In some aspects, scheduler 110 further considers availability. For example, each node may have a limited amount of computational resources, and therefore a computing unit cannot be scheduled onto a node if it simply cannot execute the computing unit. Thus, at 214, scheduler 110 schedules the second computing unit to the second node in response to determining that the second node is available for computation. For example, the second node may provide periodic snapshots to scheduler 110 that indicates its bandwidth (e.g., CPU usage, memory usage, etc.). Scheduler 110 may convert this snapshot into an availability measure, which is a function of the bandwidth parameters. For example, the availability measure may be a percentage of free computational resources available at a given node.
In some aspects, scheduling the first computing unit onto the first node involves first determining whether the first node is a fully connected node. It is possible that no single node in a cluster may be connected to all other nodes in the cluster. In this case, the first node is selected for scheduling by scheduler 110 in response to determining that the first node is connected to the highest amount of nodes in the cluster.
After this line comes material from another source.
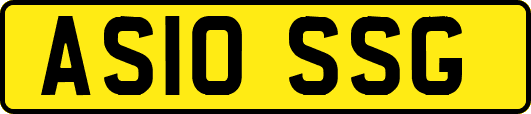 AS10SSG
Consider an example in which a fourth node of the plurality of nodes is a fully connected node (or at least has the highest amount of connections to other nodes in the cluster). Suppose that the first node is connected to a second most amount of nodes in the plurality of nodes. Scheduler 110 may schedule the first computing unit onto the first node at 206 in response to determining that the fourth node is unavailable for receiving assignments. For example, the fourth node may be disabled (e.g., rebooting, updating, etc.) or may not have additional bandwidth to execute the first computing unit.
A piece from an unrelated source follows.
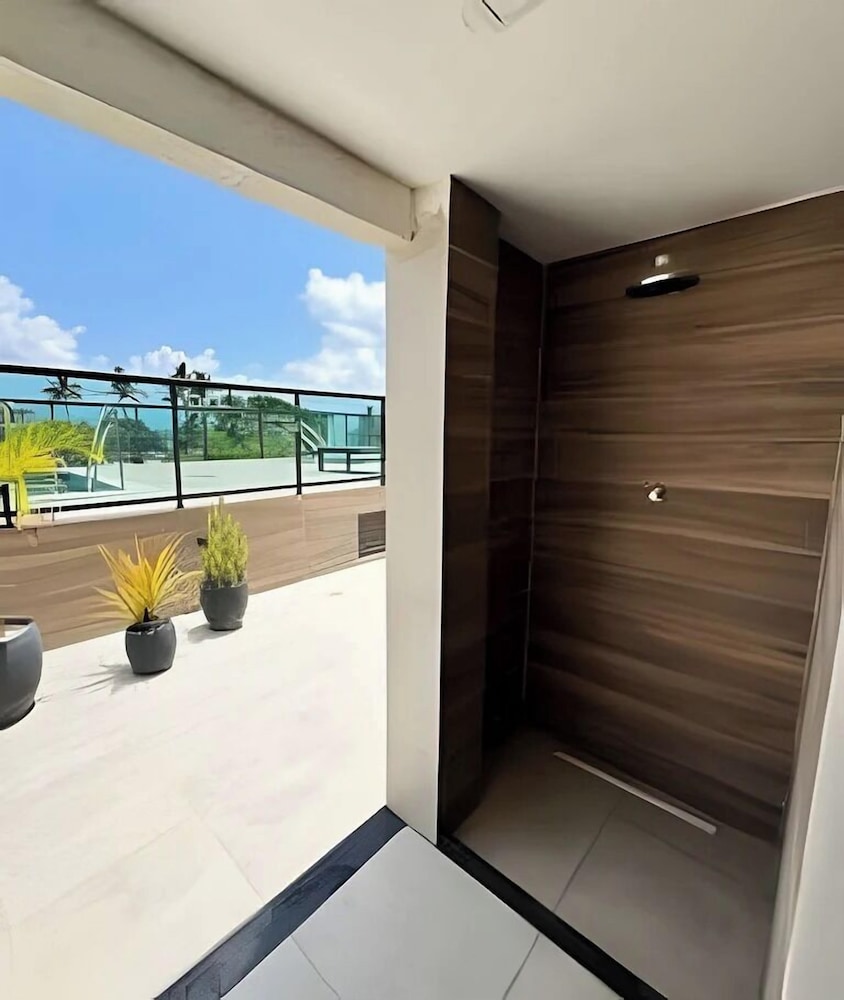 Urban Home Stay - Porto de Galinhas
In some aspects, scheduler 110 may determine, at 214, that the second node is unavailable for receiving assignments. In response to determining that the first node is available to receive additional assignments, scheduler 110 may schedule the second computing unit onto the first node.
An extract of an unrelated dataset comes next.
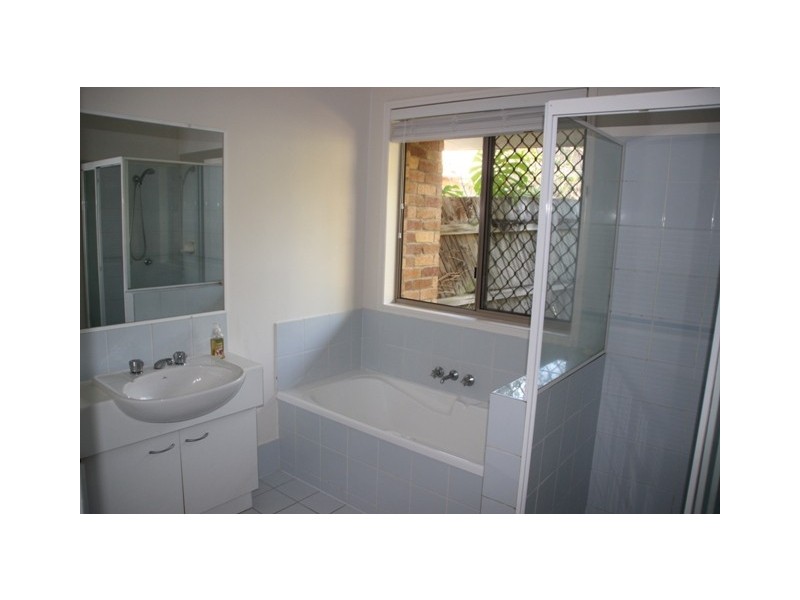 88/33-67 Edmund Rice Drive,, Southport QLD 4215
FIG. 3 is a block diagram illustrating a computer system 20 on which aspects of systems and methods for connectivity-aware scheduling may be implemented in accordance with an exemplary aspect. The computer system 20 can be in the form of multiple computing devices, or in the form of a single computing device, for example, a desktop computer, a notebook computer, a laptop computer, a mobile computing device, a smart phone, a tablet computer, a server, a mainframe, an embedded device, and other forms of computing devices.
As shown, the computer system 20 includes a central processing unit (CPU) 21, a system memory 22, and a system bus 23 connecting the various system components, including the memory associated with the central processing unit 21. The system bus 23 may comprise a bus memory or bus memory controller, a peripheral bus, and a local bus that is able to interact with any other bus architecture. Examples of the buses may include PCI, ISA, PCI-Express, HyperTransport™, InfiniBand™, Serial ATA, I²C, and other suitable interconnects. The central processing unit 21 (also referred to as a processor) can include a single or multiple sets of processors having single or multiple cores. The processor 21 may execute one or more computer-executable code implementing the techniques of the present disclosure. For example, any of commands/steps discussed in FIGS. 1-2 may be performed by processor 21. The system memory 22 may be any memory for storing data used herein and/or computer programs that are executable by the processor 21. The system memory 22 may include volatile memory such as a random access memory (RAM) 25 and non-volatile memory such as a read only memory (ROM) 24, flash memory, etc., or any combination thereof. The basic input/output system (BIOS) 26 may store the basic procedures for transfer of information between elements of the computer system 20, such as those at the time of loading the operating system with the use of the ROM 24.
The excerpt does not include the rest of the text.